Also saw on the main Mirror website one of their journo's praising his bravery -

Asking God to save the British Army's commander-in-chief would, to quote one of his critics, be “insulting, stupid and hypocritical” to those he cares about

There are several ways a footballer is usually shamed on the news pages, rather than the sports ones, during a summer.

He lets his country down by blasting a penalty over a bar in a foreign stadium, lets his club down by getting drunk in a Las Vegas swimming pool, or lets himself down as a kiss-and-tell merchant spills the beans on his inability to rise to the occasion in a budget hotel in Stoke.

But it’s rare for a player to get slaughtered on the news pages for refusing to let down his own people.

That is what has happened to James McClean, after turning away from the flag of St George and refusing to sing the British national anthem before a game on West Brom’s US pre-season tour:

“Fury at Premier League star who turned his back on God Save the Queen” screamed a right-wing tabloid, extracting that fury from a rent-a-quote Democratic Ulster Unionist MP.

Meanwhile, a broadsheet football writer told his audience of retired generals that McClean’s behaviour was “insulting, stupid and hypocritical.

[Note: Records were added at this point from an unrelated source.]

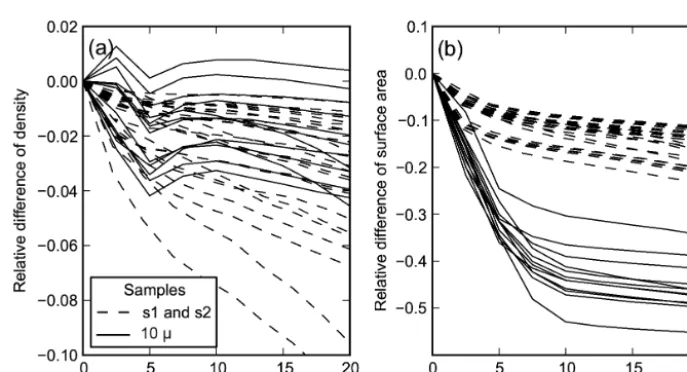 Figure 12. Sequential ﬁltering segmentation: relative variations of densitysize (a) and surface area (b) as a function of the morphological ﬁlter d for different values of the Gaussian ﬁlter size σ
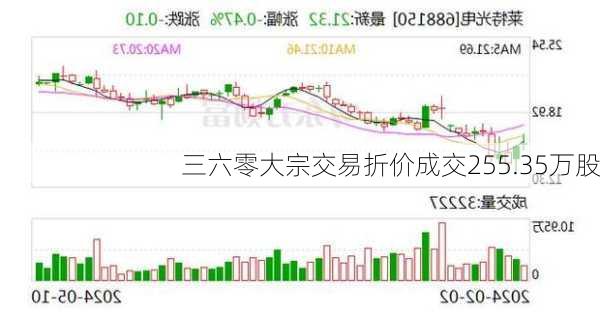 三六零大宗交易折价成交255.35万股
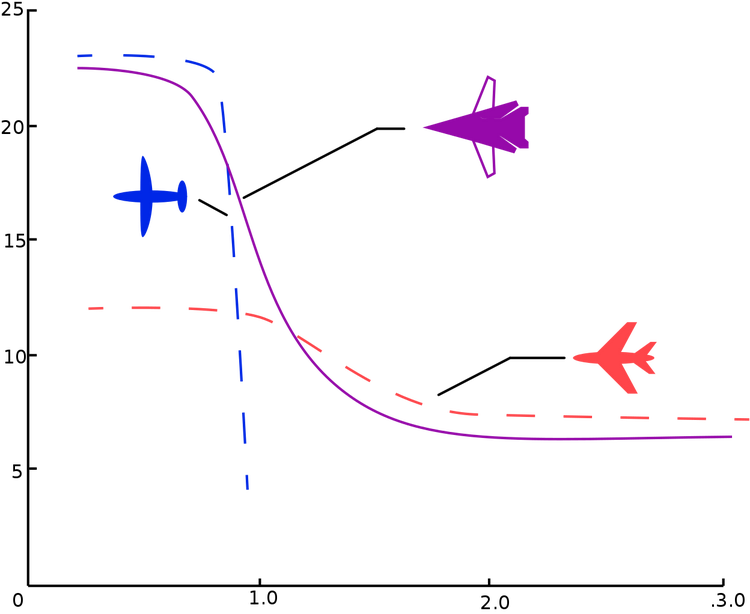 Lift-Drag_comparison_swing_wing.png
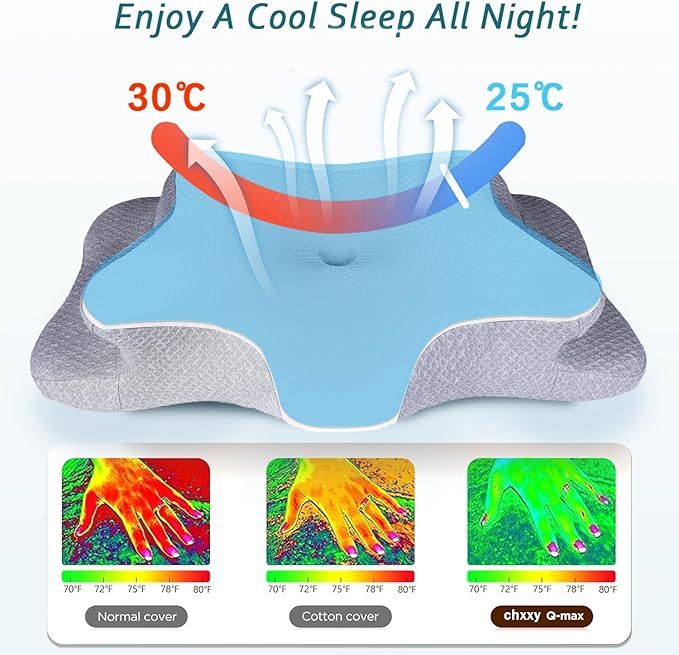 Cervical Neck Pillow for Pain Relief Sleeping, Contour Memory Foam Pillows, Ergonomic Side Sleeper Pillows for Adults, Cooling Orthopedic Neck Support Pillow for Back Stomach Sleepers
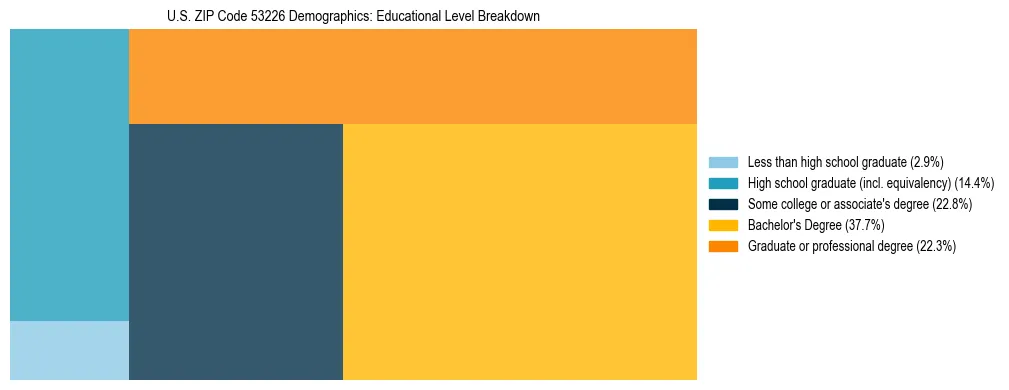 Treemap chart illustrating the educational attainment breakdown for population 25 years and over in US ZIP Code 53226.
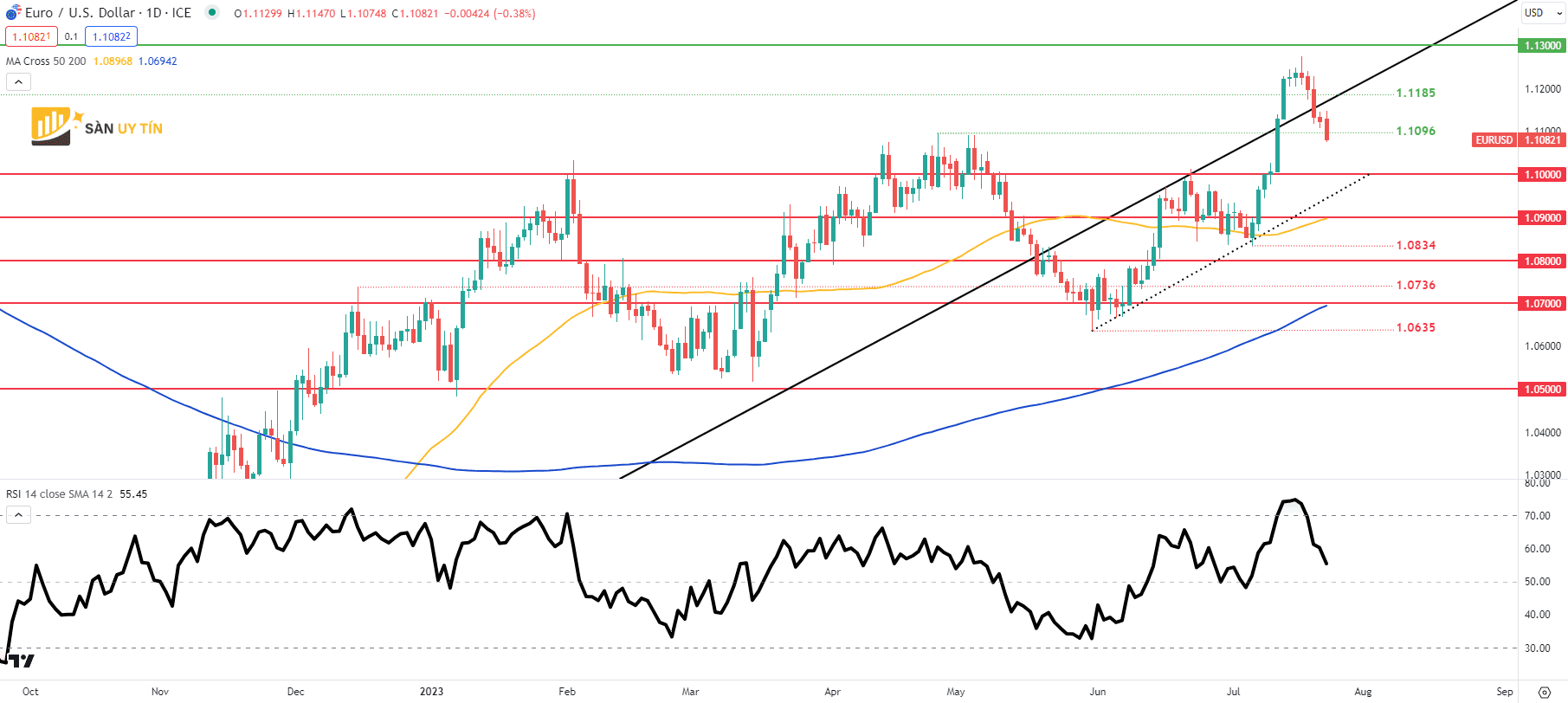 Bieu do hang ngay EURUSD 1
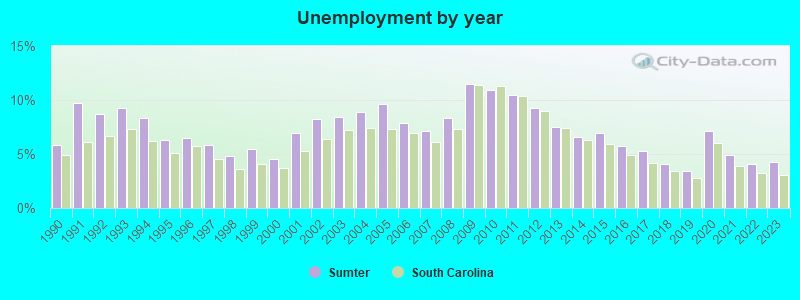 Unemployment by year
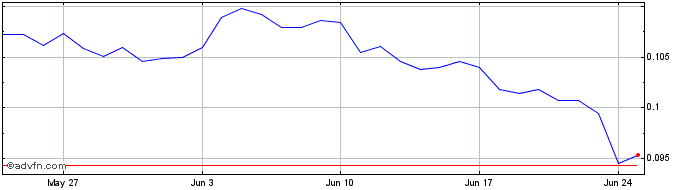 1 Month Bitdepositary  Price Chart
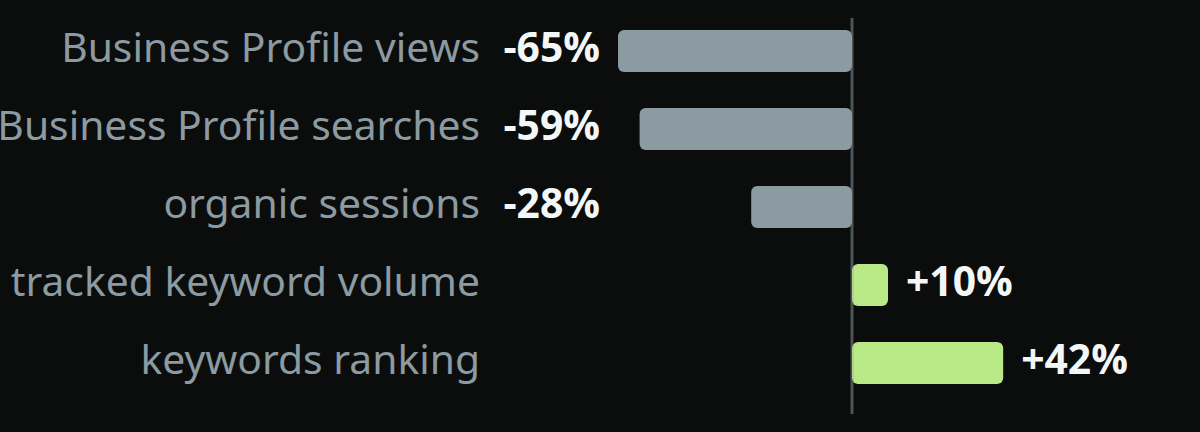 Diverging bar chart of five year-on-year changes: Business Profile views down 65%, Business Profile searches down 59% and organic sessions down 28% on the left of a zero line, against tracked keyword volume up 10% and keywords ranking up 42% on the right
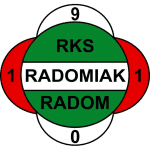 Radomiak Radom - Player Elves Bald 246813 302196 Sport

This was a disrespectful act that hints at something ugly in his views.”

Naturally, there followed a thunderstorm of ill-informed, scum-based bile on Twitter with social media’s finest brains likening him to Jihadi John and calling for his deportation (which would be the first internal deportation ever).

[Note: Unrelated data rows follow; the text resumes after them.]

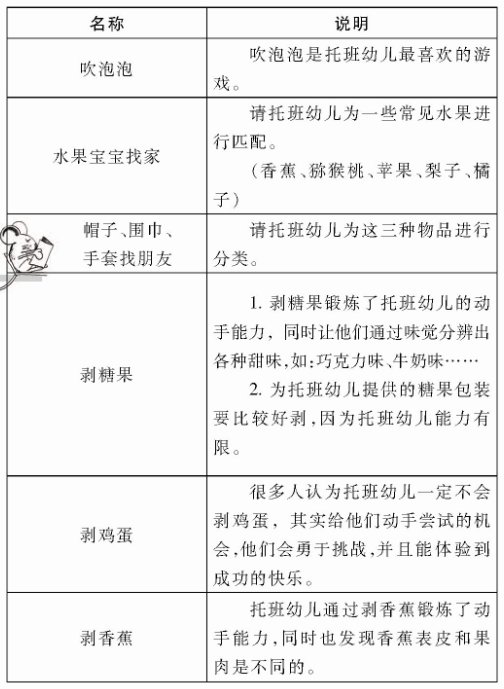 ���а�����ƌW�^(q��)��Փ��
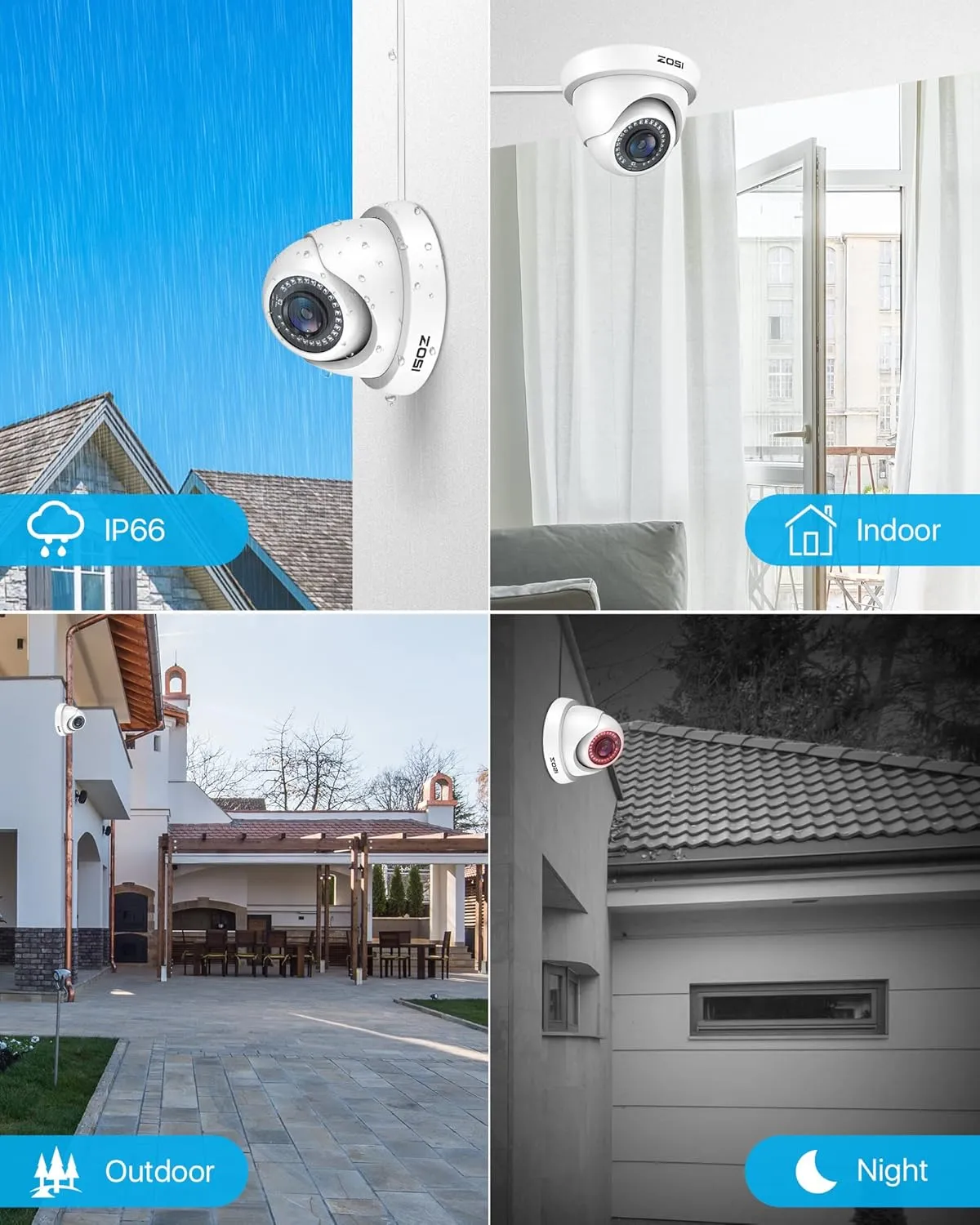 ZOSI 4Pack 2.0MP HD 1080P Security Cameras Kit, 80ft Night Vision, Indoor Outdoor Home CCTV Dome Camera for 1080P/5MP/4K HD-TVI Analog DVR System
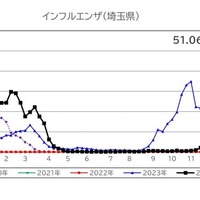 埼玉県の流行シーズン別インフルエンザ定点あたり患者報告数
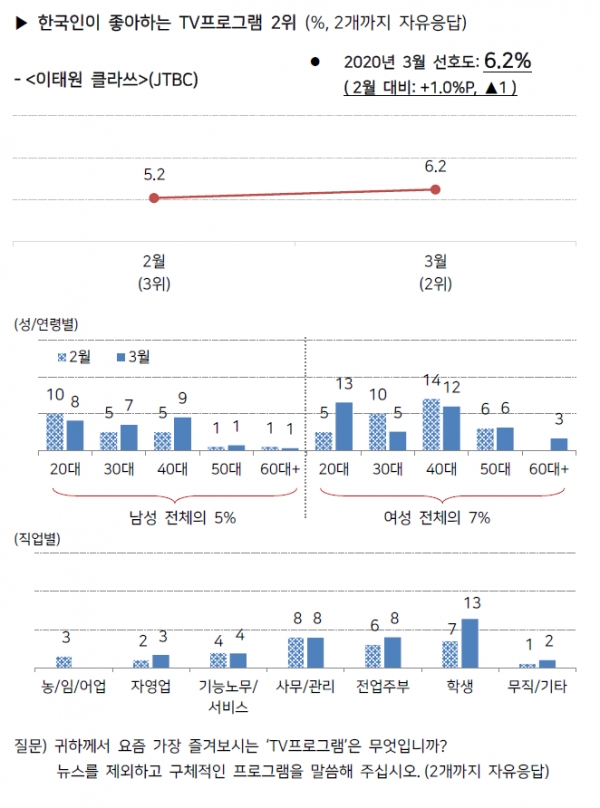 한국갤럽 제공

As the Mail reminded us, Derry-born McClean is “no stranger to controversy” when it comes to Anglo-Irish politics, having previously refused to wear a shirt with a poppy sewn into it, as he saw it as “a gesture of disrespect for the innocent people who lost their lives in the Troubles.”

For those who don’t get that principle (or those who refuse to), let me explain.

McClean isn’t just another rabble-rousing Fenian who refuses to let the past go.

He is a man from a specific area of a specific city which, until recently, was so subjugated by the British state that voting was rigged to ensure the unionist minority always ruled.

That, in turn, saw the Catholic majority kept at the bottom of the housing and job vacancy lists.

They took to the streets in civil-rights marches, which became anti-internment marches, like the one in 1972 in which British soldiers opened fire on 26 unarmed civilians, killing 14, many of whom were shot while fleeing or helping the wounded. And the truth of Bloody Sunday was denied and covered up by the British state for more than a generation.

That is why McClean can’t find it in him to pay tribute to the British Army, including its commander-in-chief the Queen.

Do you really think he should be forced to sing a ditty asking God to save her so she can reign over him, gloriously?

Christ only knows why the Yanks choose to play national anthems at club games anyway, but if a Palestinian whose relatives had been bombed in Gaza was playing for Maccabi Haifa in Texas, would we call him a hypocritical scumbag for refusing to join in with the Israeli anthem?

How about a black American playing in Alabama and refusing to salute the Confederate flag?

Surely, unless you’ve lived inside their skin, you cannot moralise about their instinctive reaction?

McClean wasn’t saying he hated his English fans, team-mates or employers, but the

symbols of the British state.

To many Derry Catholics that flag, and that anthem, open deep wounds.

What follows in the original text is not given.